Closed DavisVaughan closed 6 years ago
@kevinushey Added this code to support custom marshaling of Pandas data frames (and other object types, BTW dates are on our short term roadmap!).
Kevin, do you recall the purpose of the attributes(wrapper) <- attributes(x)
line? Is this something that should be within the default py_to_r_wrapper
implementation as opposed to used for all conversions?
Happy to hear Pandas data frames are on the horizon, it will be nice to not have to go through feather
like I did with featherframe
recently. Since a number of libraries use Pandas DataFrames and Series, this will be really useful.
Dates should be interesting, as Pandas doesn't have a "native" non-timezone aware "Date" class, and the datetime.date
alternative is orders of magnitudes slower. See this discussion.
Thanks for the hard work.
I see this is the commit where we added it:
https://github.com/rstudio/reticulate/commit/9efee53fa95e99b799fc7728871389a79369a48b
My guess is that we did this to ensure some attributes that typically get dropped (e.g. names?) are restored on the copied object, but maybe that was misguided?
Actually we need the attributes preserved there. The purpose of py_to_r_wrapper
is to allow customization of the wrapped object (as opposed to wholesale replacement of the default implementation). I think what @DavisVaughan is looking for might be contained in your pandas PR: https://github.com/rstudio/reticulate/pull/113. This PR makes py_to_r
an S3 method which would allow wholesale replacement of the conversion for an object type.
Looks promising. Having py_to_r()
as the generic feels more natural too.
# devtools::install_github("rstudio/reticulate", ref = devtools::github_pull("113"))
library(reticulate)
pend <- import("pendulum")
# Accessors
pend_year <- function(x) {
x$year
}
pend_month <- function(x) {
x$month
}
pend_day <- function(x) {
x$day
}
# Wrapper for conversion
py_to_r.pendulum.date.Date <- function(x) {
chr_x <- paste(pend_year(x), pend_month(x), pend_day(x), sep = "-")
as.Date(chr_x)
}
pend$Date(2013L, 01L, 01L)
#> [1] "2013-01-01"
Created on 2018-02-21 by the reprex package (v0.1.1.9000).

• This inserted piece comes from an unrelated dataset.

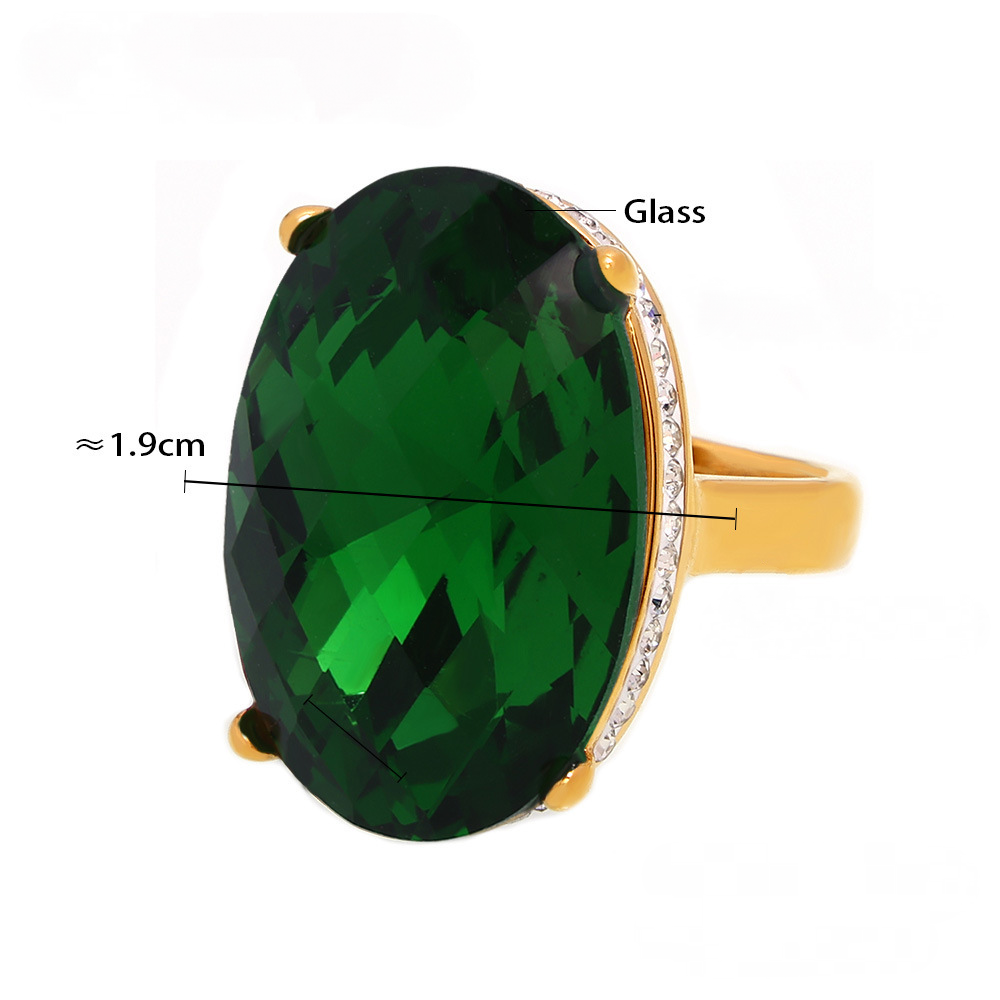 Stainless Steel Oval Large Glass Ring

We've just merged support for converting to and from Pandas data frames onto master. Would love it if anyone subscribed to this thread could test it out. You can install with:
devtools::install_github("rstudio/reticulate")

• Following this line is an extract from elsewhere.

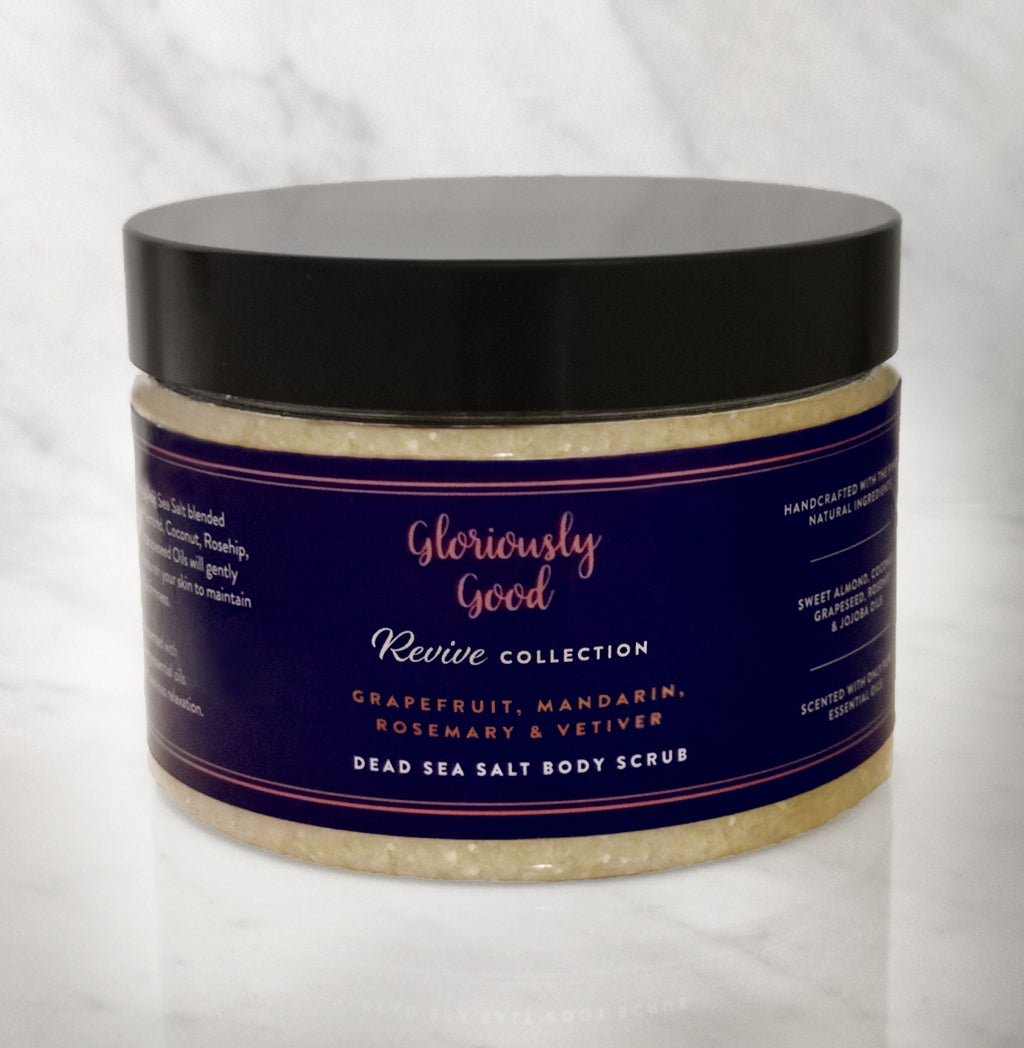 Through the window Grapefruit, Mandarin, Rosemary & Vetiver Dead Sea Salt Natural Body Scrub - n/a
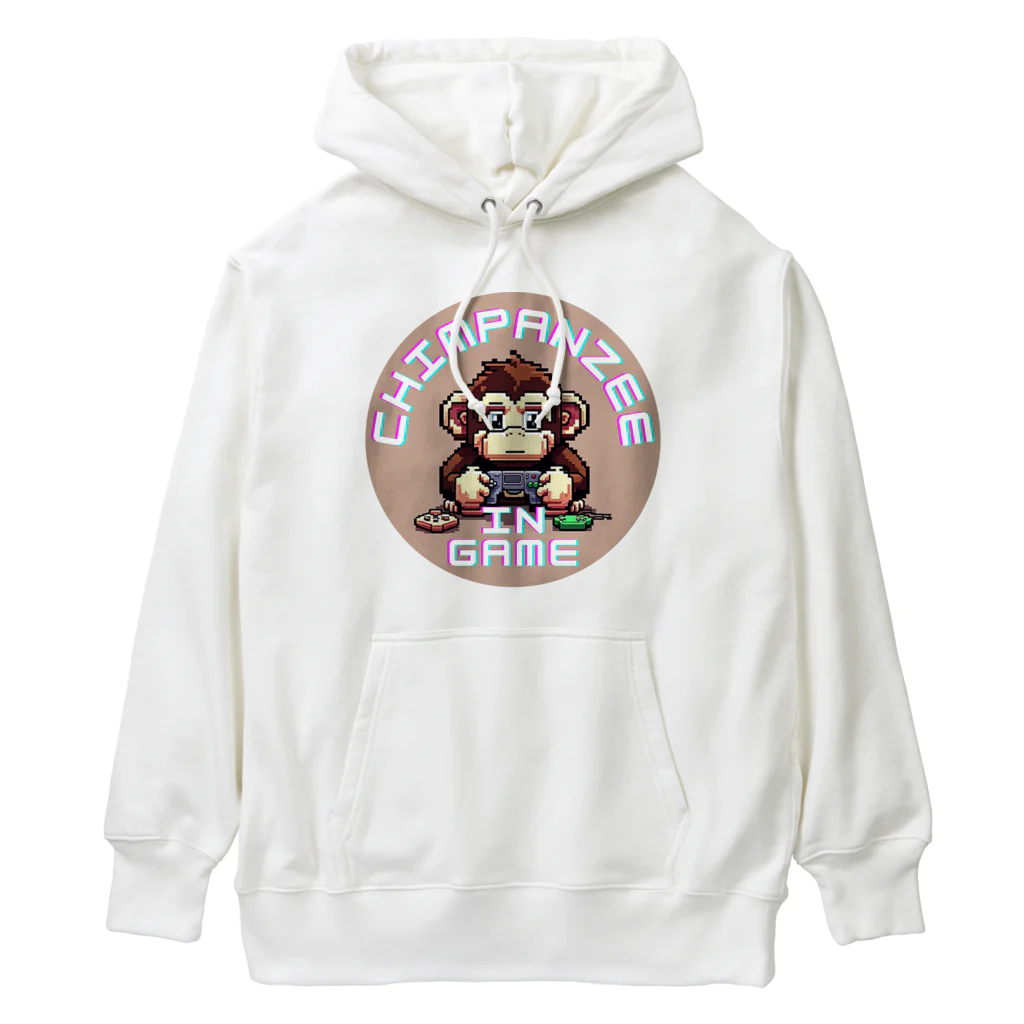 朱音琴音のドット絵のゲーム中のチンパンジー Heavyweight Hoodie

If you want me to move these comments to a more appropriate place let me know. Just a few bugs I'm running into immediately.
1) inconsistent (?) behavior when converting data.frames with 1 element
Related to this on the python side, not sure if its anything you guys can do: https://stackoverflow.com/questions/17839973/construct-pandas-dataframe-from-values-in-variables
library(reticulate)
ex <- data.frame(y = Sys.time())
r_to_py(ex)
#> Error in py_call_impl(callable, dots$args, dots$keywords): ValueError: If using all scalar values, you must pass an index
#>
#> Detailed traceback:
#> File "/usr/local/opt/python3/Frameworks/Python.framework/Versions/3.6/lib/python3.6/site-packages/pandas/core/frame.py", line 900, in from_dict
#> return cls(data, index=index, columns=columns, dtype=dtype)
#> File "/usr/local/opt/python3/Frameworks/Python.framework/Versions/3.6/lib/python3.6/site-packages/pandas/core/frame.py", line 330, in __init__
#> mgr = self._init_dict(data, index, columns, dtype=dtype)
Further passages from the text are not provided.